PROVIDENCE, R.I. [Brown University] — Sunsets creep across the East Side skyline earlier each evening, the harvest moon rises over Providence and the autumn air gets chillier — Halloween is fast upon College Hill. What better time to unearth some of Brown's supernatural and spooky traditions, collections, events and more? Bet you didn't know about at least a few of these, from anthropodermic books in the Hay and midnight organ recitals to the many Brown connections to horror writer H.P. Lovecraft.

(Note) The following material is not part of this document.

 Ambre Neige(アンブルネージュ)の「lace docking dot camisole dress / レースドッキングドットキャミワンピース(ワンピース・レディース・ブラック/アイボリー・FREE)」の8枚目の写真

1. Books bound in human skin
2. Midnight organ recital on Halloween
Every year, Sayles Hall plays host to a full-capacity crowd for the University's annual midnight organ concert. In lieu of traditional seating, audience members bring blankets and pillows to cozy up on the floor and listen to pieces ranging from Bach's "Toccata and Fugue in D Minor" to the "Monster Mash." The music is all performed on Brown's circa-1903 Hutchings-Votey pipe organ by Mark Steinbach — University organist, instrument curator and music lecturer — who revived the musical tradition in 1993 after an eight-year hiatus. Details on this year's version are here.

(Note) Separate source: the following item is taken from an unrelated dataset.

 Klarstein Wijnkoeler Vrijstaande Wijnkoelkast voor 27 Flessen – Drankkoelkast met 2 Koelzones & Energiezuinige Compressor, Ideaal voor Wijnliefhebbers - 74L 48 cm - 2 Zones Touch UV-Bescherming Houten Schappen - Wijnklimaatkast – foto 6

3. H.P. Lovecraft at the Ladd
Annual gatherings at the Ladd Observatory recognize the life and unique literary contributions of legendary horror writer H.P. Lovecraft. Lovecraft was an avid amateur astronomer who regularly visited Ladd during his teen years. This event, which typically draws about 120 people to the Ladd's front lawn in the spring, has become a Providence tradition.

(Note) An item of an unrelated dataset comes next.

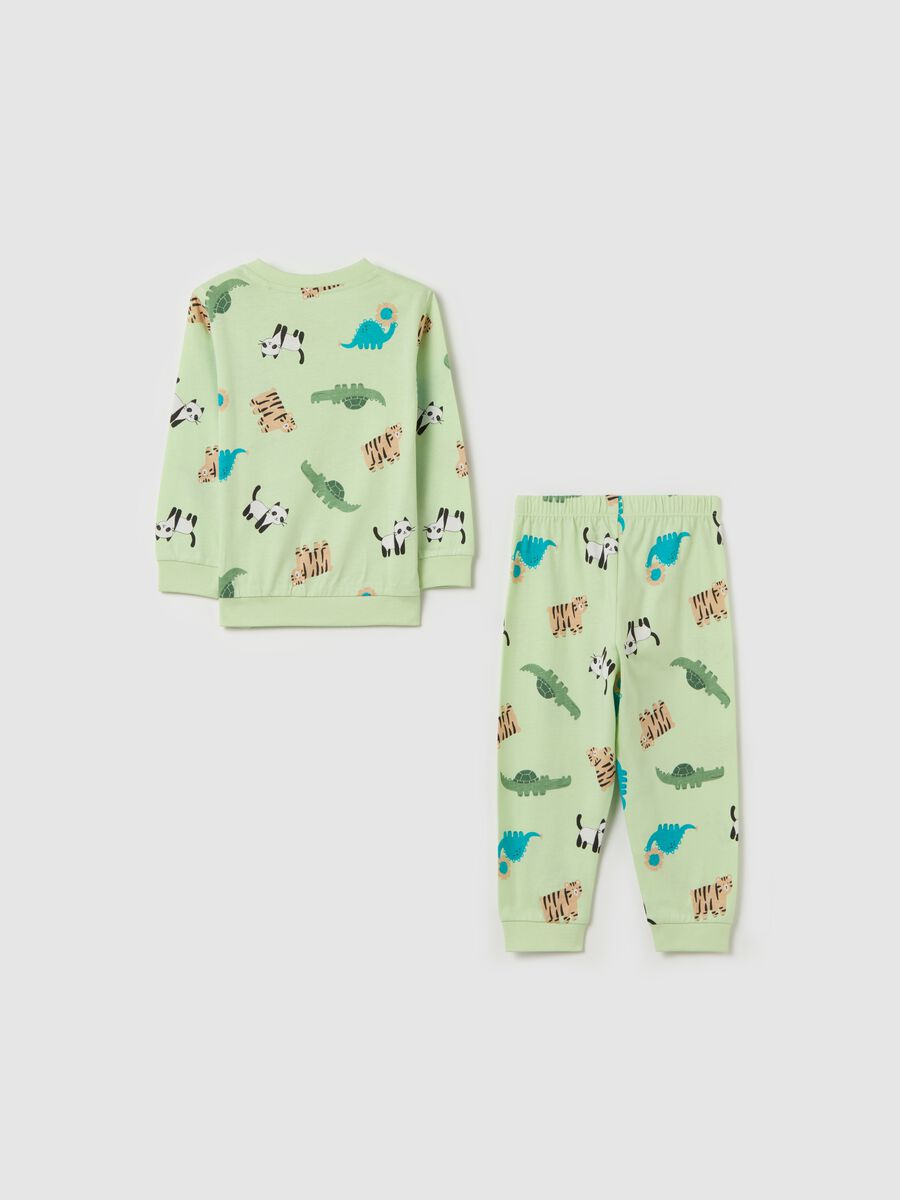 Organic cotton pyjamas with animals print_1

4. Halloween pumpkin carvings
Do you have your own Brown-themed pumpkin carvings? Share them with #BrownUniversity on Instagram, Twitter and Facebook.
5. Occult and visionary literature in the Hay
The Damon Collection of Occult and Visionary Literature in the John Hay Library includes rare editions of early occult books and numerous chronicles of demonology, secret societies, theosophical orders and ancient mystery relitions. The collection deals primarily with alchemy, the interpretation of dreams, mysticism, black magic and the Kabbalah plus visionary testaments and manifestations of all kinds.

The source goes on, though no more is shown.